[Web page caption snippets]

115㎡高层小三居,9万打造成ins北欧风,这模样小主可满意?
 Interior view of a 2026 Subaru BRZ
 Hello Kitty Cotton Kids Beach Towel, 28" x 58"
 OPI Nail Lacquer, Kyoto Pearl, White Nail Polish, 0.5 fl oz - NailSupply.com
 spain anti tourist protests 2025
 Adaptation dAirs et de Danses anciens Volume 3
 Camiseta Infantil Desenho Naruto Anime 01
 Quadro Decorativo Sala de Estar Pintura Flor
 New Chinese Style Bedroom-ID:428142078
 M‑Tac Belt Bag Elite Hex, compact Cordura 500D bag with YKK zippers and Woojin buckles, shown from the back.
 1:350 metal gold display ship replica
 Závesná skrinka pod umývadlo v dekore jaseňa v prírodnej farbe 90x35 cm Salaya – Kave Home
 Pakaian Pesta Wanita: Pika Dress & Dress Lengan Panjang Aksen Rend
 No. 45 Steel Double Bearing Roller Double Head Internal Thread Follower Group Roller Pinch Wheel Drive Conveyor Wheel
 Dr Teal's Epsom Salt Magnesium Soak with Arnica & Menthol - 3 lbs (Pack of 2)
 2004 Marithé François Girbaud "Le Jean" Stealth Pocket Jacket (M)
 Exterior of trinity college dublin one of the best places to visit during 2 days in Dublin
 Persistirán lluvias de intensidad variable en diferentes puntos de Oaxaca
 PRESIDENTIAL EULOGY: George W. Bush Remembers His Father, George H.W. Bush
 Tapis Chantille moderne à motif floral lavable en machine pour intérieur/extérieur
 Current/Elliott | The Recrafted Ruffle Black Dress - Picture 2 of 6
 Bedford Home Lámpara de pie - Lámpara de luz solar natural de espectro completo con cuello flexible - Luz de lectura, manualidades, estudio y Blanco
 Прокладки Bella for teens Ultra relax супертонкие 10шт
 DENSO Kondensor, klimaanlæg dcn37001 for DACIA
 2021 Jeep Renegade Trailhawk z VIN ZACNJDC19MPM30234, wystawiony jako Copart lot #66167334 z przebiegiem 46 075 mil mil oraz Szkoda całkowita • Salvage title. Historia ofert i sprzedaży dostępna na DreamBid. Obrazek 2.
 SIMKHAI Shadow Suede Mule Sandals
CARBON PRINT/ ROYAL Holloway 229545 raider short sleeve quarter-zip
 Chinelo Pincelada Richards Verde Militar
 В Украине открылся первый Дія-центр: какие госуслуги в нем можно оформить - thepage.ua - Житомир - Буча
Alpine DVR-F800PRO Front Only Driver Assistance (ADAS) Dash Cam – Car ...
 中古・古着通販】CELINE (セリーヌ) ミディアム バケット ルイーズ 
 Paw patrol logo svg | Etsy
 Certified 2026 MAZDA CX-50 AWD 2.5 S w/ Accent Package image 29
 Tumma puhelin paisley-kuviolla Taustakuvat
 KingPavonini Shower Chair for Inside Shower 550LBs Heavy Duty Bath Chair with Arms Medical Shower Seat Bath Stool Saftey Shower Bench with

**GOAL OF THE EXERCISE**:
Nothing in the records should be left out; write all of them out again exactly.

**ANSWER SECTION**:
115㎡高层小三居,9万打造成ins北欧风,这模样小主可满意?
 Interior view of a 2026 Subaru BRZ
 Hello Kitty Cotton Kids Beach Towel, 28" x 58"
 OPI Nail Lacquer, Kyoto Pearl, White Nail Polish, 0.5 fl oz - NailSupply.com
 spain anti tourist protests 2025
 Adaptation dAirs et de Danses anciens Volume 3
 Camiseta Infantil Desenho Naruto Anime 01
 Quadro Decorativo Sala de Estar Pintura Flor
 New Chinese Style Bedroom-ID:428142078
 M‑Tac Belt Bag Elite Hex, compact Cordura 500D bag with YKK zippers and Woojin buckles, shown from the back.
 1:350 metal gold display ship replica
 Závesná skrinka pod umývadlo v dekore jaseňa v prírodnej farbe 90x35 cm Salaya – Kave Home
 Pakaian Pesta Wanita: Pika Dress & Dress Lengan Panjang Aksen Rend
 No. 45 Steel Double Bearing Roller Double Head Internal Thread Follower Group Roller Pinch Wheel Drive Conveyor Wheel
 Dr Teal's Epsom Salt Magnesium Soak with Arnica & Menthol - 3 lbs (Pack of 2)
 2004 Marithé François Girbaud "Le Jean" Stealth Pocket Jacket (M)
 Exterior of trinity college dublin one of the best places to visit during 2 days in Dublin
 Persistirán lluvias de intensidad variable en diferentes puntos de Oaxaca
 PRESIDENTIAL EULOGY: George W. Bush Remembers His Father, George H.W. Bush
 Tapis Chantille moderne à motif floral lavable en machine pour intérieur/extérieur
 Current/Elliott | The Recrafted Ruffle Black Dress - Picture 2 of 6
 Bedford Home Lámpara de pie - Lámpara de luz solar natural de espectro completo con cuello flexible - Luz de lectura, manualidades, estudio y Blanco
 Прокладки Bella for teens Ultra relax супертонкие 10шт
 DENSO Kondensor, klimaanlæg dcn37001 for DACIA
 2021 Jeep Renegade Trailhawk z VIN ZACNJDC19MPM30234, wystawiony jako Copart lot #66167334 z przebiegiem 46 075 mil mil oraz Szkoda całkowita • Salvage title. Historia ofert i sprzedaży dostępna na DreamBid. Obrazek 2.
 SIMKHAI Shadow Suede Mule Sandals
CARBON PRINT/ ROYAL Holloway 229545 raider short sleeve quarter-zip
 Chinelo Pincelada Richards Verde Militar
 В Украине открылся первый Дія-центр: какие госуслуги в нем можно оформить - thepage.ua - Житомир - Буча
Alpine DVR-F800PRO Front Only Driver Assistance (ADAS) Dash Cam – Car ...
 中古・古着通販】CELINE (セリーヌ) ミディアム バケット ルイーズ 
 Paw patrol logo svg | Etsy
 Certified 2026 MAZDA CX-50 AWD 2.5 S w/ Accent Package image 29
 Tumma puhelin paisley-kuviolla Taustakuvat
 KingPavonini Shower Chair for Inside Shower 550LBs Heavy Duty Bath Chair with Arms Medical Shower Seat Bath Stool Saftey Shower Bench with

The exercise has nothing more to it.